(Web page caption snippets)
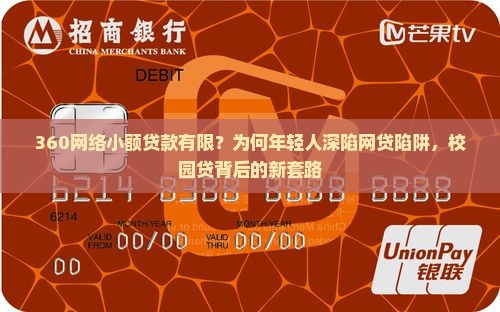 360网络小额贷款有限？为何年轻人深陷网贷陷阱，校园贷背后的新套路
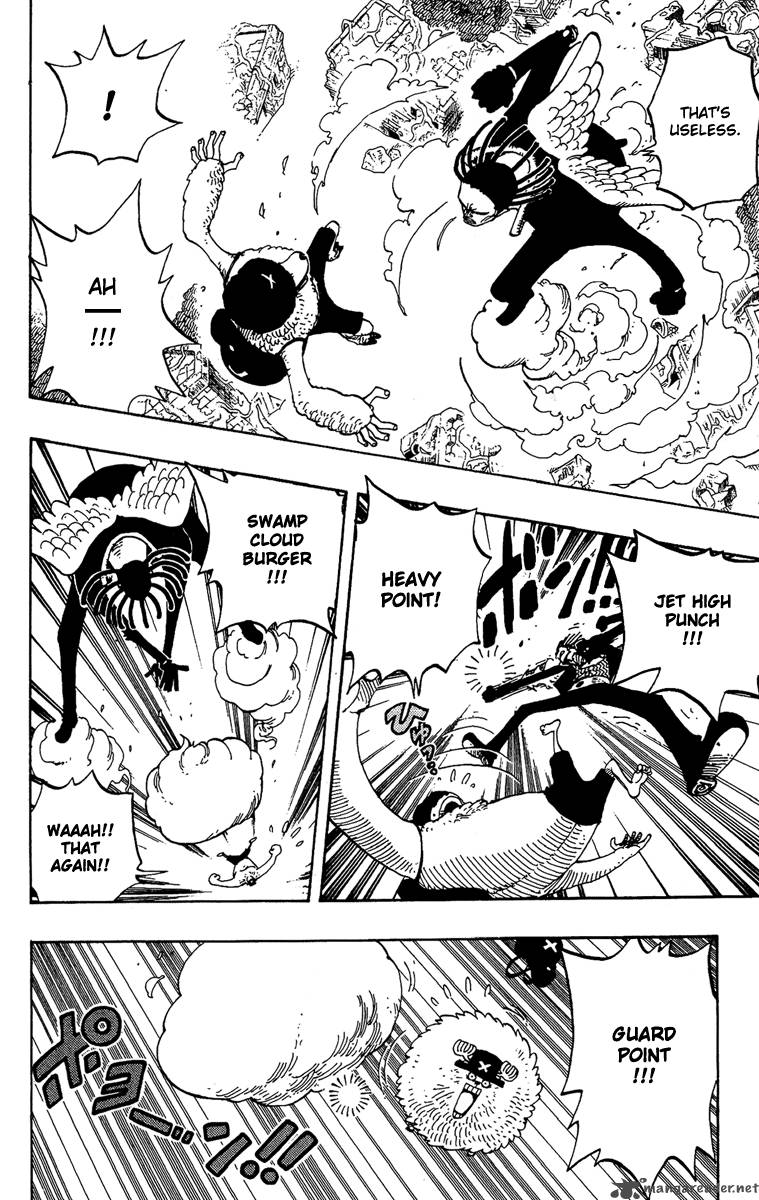 One Piece Manga Chapter 262 page 12 - Pirate Chopper vs. Priest Gedatsu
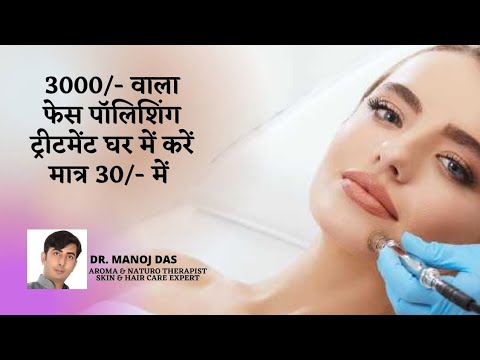 SKIN POLISH| SKIN BRIGHTNING TREATMENT IN 15 DAYS I SKIN LIGHTNING I SKIN BRIGHTNING I DR. MANOJ DAS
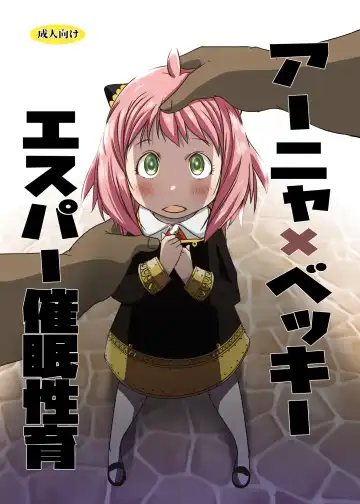 [Suitekiya Yuumin] Anya x Becky Esper Saimin Seiiku - Fhentai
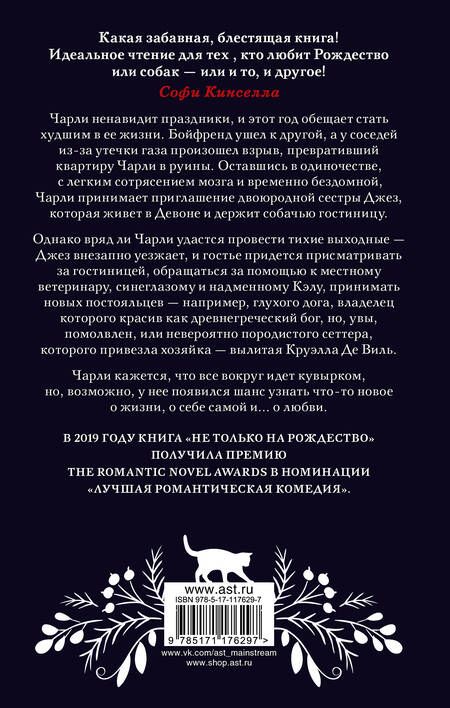 Фотография книги "Кокс: Не только на Рождество"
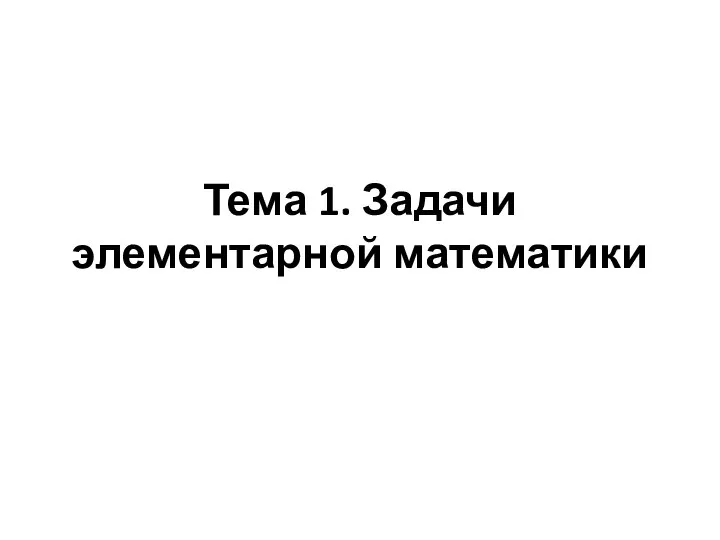 Тема 1. Задачи элементарной математики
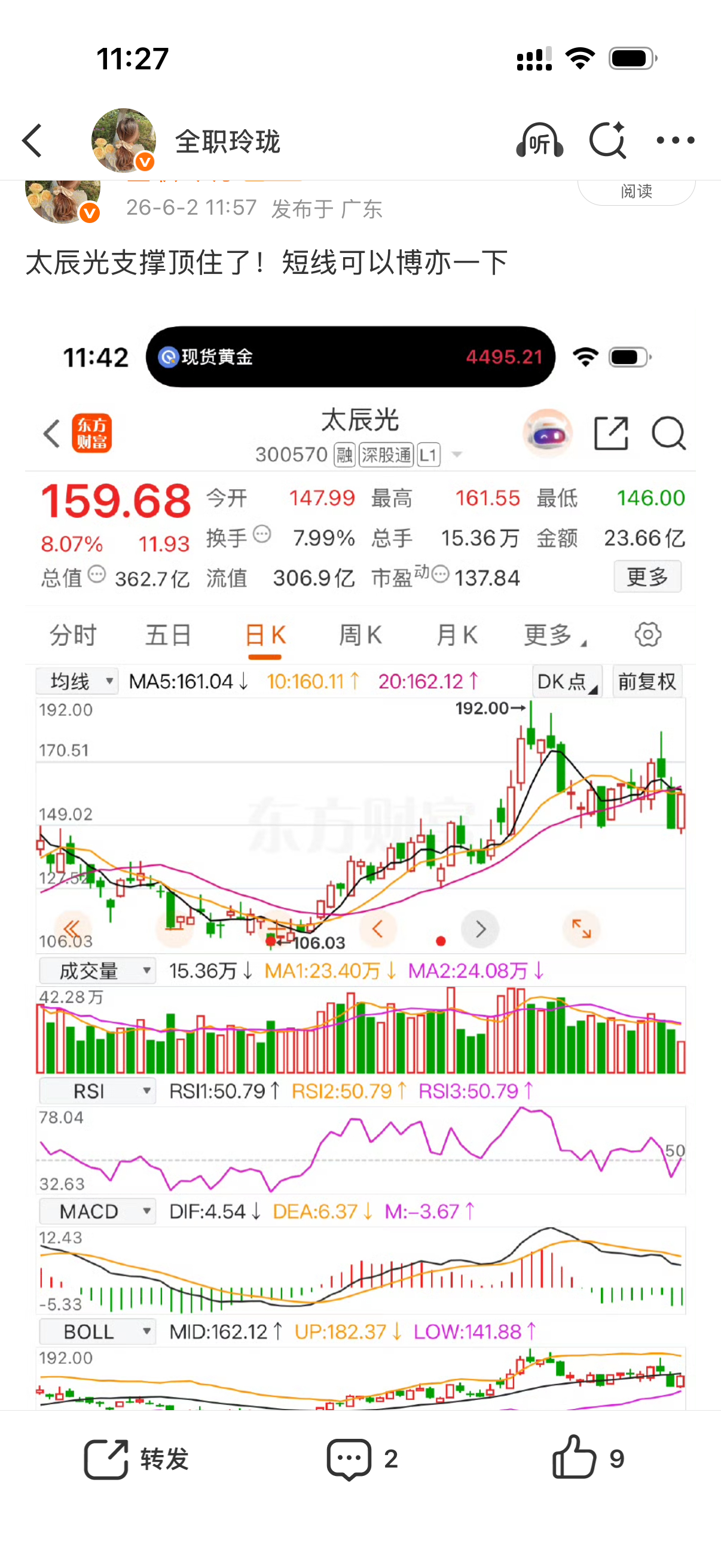 $太辰光 sz300570$ 太强了！真是太强了！十多个点呀！粉丝们点赞评论66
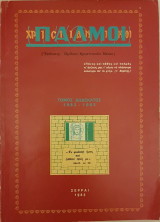 Χριστιανικοί Παλμοί Τόμος 12 (1982-1983)
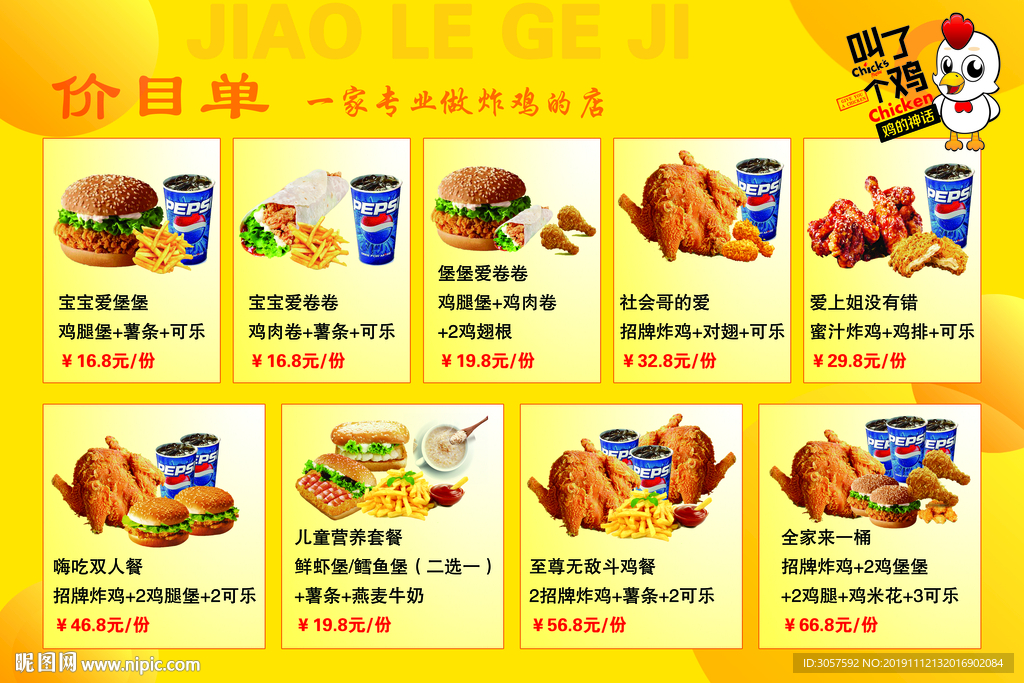 叫了个鸡价目单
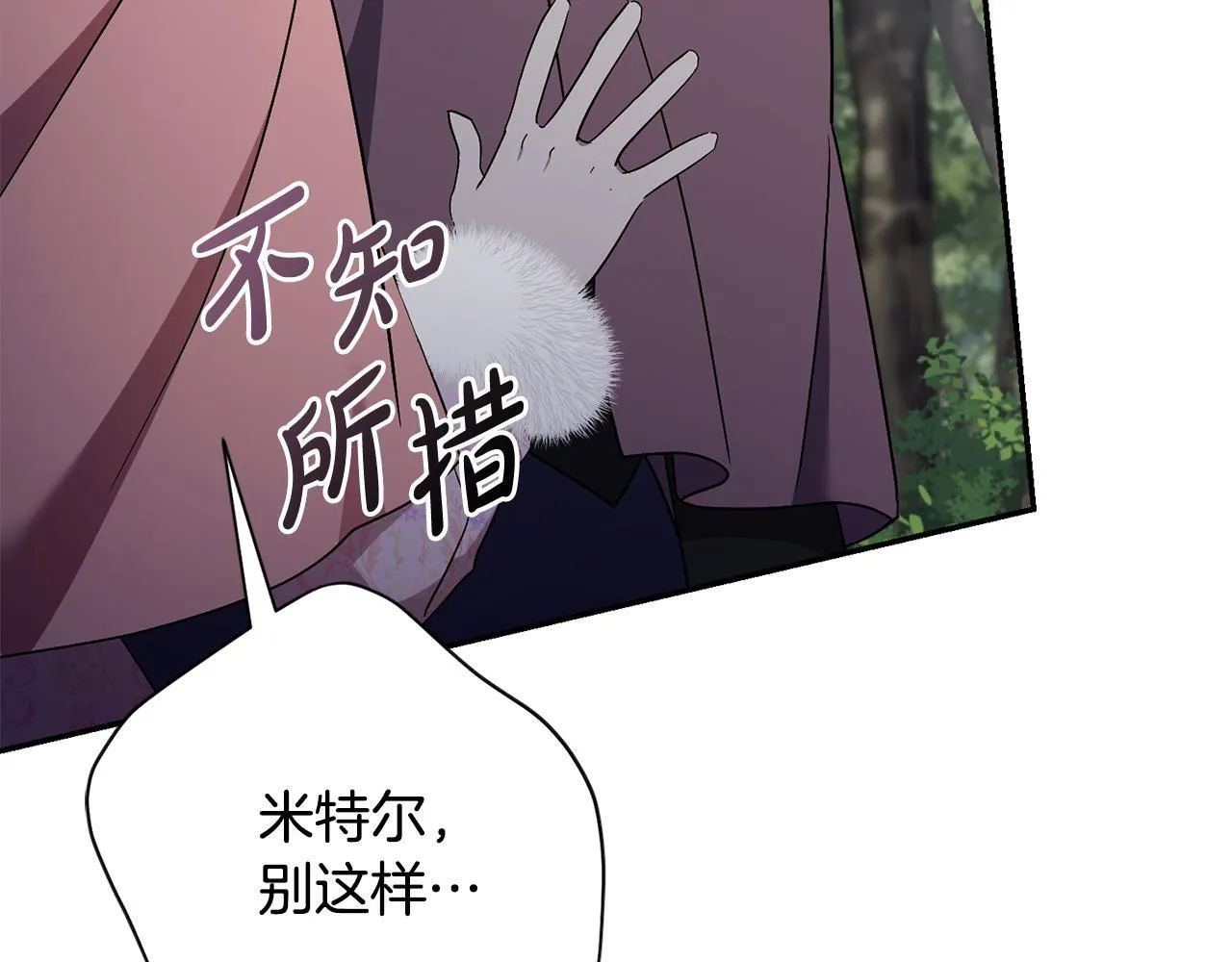 第69话 小鬼头235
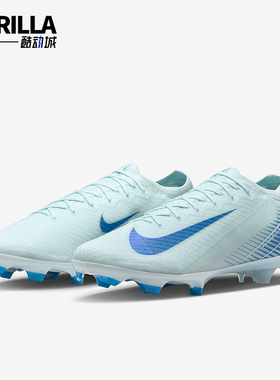 Nike/耐克正品新款男士 长钉耐磨系带轻便透气足球鞋 FQ1457-400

• _Required work_
The required output is each line above restated verbatim, with all images omitted.

• _Answer space_
 360网络小额贷款有限？为何年轻人深陷网贷陷阱，校园贷背后的新套路
 One Piece Manga Chapter 262 page 12 - Pirate Chopper vs. Priest Gedatsu
 SKIN POLISH| SKIN BRIGHTNING TREATMENT IN 15 DAYS I SKIN LIGHTNING I SKIN BRIGHTNING I DR. MANOJ DAS
 [Suitekiya Yuumin] Anya x Becky Esper Saimin Seiiku - Fhentai
 Фотография книги "Кокс: Не только на Рождество"
 Тема 1. Задачи элементарной математики
 $太辰光 sz300570$ 太强了！真是太强了！十多个点呀！粉丝们点赞评论66
 Χριστιανικοί Παλμοί Τόμος 12 (1982-1983)
 叫了个鸡价目单
 第69话 小鬼头235
 Nike/耐克正品新款男士 长钉耐磨系带轻便透气足球鞋 FQ1457-400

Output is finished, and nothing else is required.